Set down the listing again, word for word.
___
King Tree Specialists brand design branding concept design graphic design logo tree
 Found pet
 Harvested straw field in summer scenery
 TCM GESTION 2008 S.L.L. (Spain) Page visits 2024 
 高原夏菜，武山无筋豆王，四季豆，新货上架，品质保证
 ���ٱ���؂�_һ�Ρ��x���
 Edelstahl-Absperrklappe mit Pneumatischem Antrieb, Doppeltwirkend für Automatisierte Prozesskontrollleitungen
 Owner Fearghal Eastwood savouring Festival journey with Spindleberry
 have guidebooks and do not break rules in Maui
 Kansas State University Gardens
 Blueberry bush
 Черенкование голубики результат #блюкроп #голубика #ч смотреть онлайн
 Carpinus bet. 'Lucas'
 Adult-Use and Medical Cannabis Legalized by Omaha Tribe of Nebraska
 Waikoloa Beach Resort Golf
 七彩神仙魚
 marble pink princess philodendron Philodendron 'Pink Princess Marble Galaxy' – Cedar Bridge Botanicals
___
Solution for this problem:
King Tree Specialists brand design branding concept design graphic design logo tree
 Found pet
 Harvested straw field in summer scenery
 TCM GESTION 2008 S.L.L. (Spain) Page visits 2024 
 高原夏菜，武山无筋豆王，四季豆，新货上架，品质保证
 ���ٱ���؂�_һ�Ρ��x���
 Edelstahl-Absperrklappe mit Pneumatischem Antrieb, Doppeltwirkend für Automatisierte Prozesskontrollleitungen
 Owner Fearghal Eastwood savouring Festival journey with Spindleberry
 have guidebooks and do not break rules in Maui
 Kansas State University Gardens
 Blueberry bush
 Черенкование голубики результат #блюкроп #голубика #ч смотреть онлайн
 Carpinus bet. 'Lucas'
 Adult-Use and Medical Cannabis Legalized by Omaha Tribe of Nebraska
 Waikoloa Beach Resort Golf
 七彩神仙魚
 marble pink princess philodendron Philodendron 'Pink Princess Marble Galaxy' – Cedar Bridge Botanicals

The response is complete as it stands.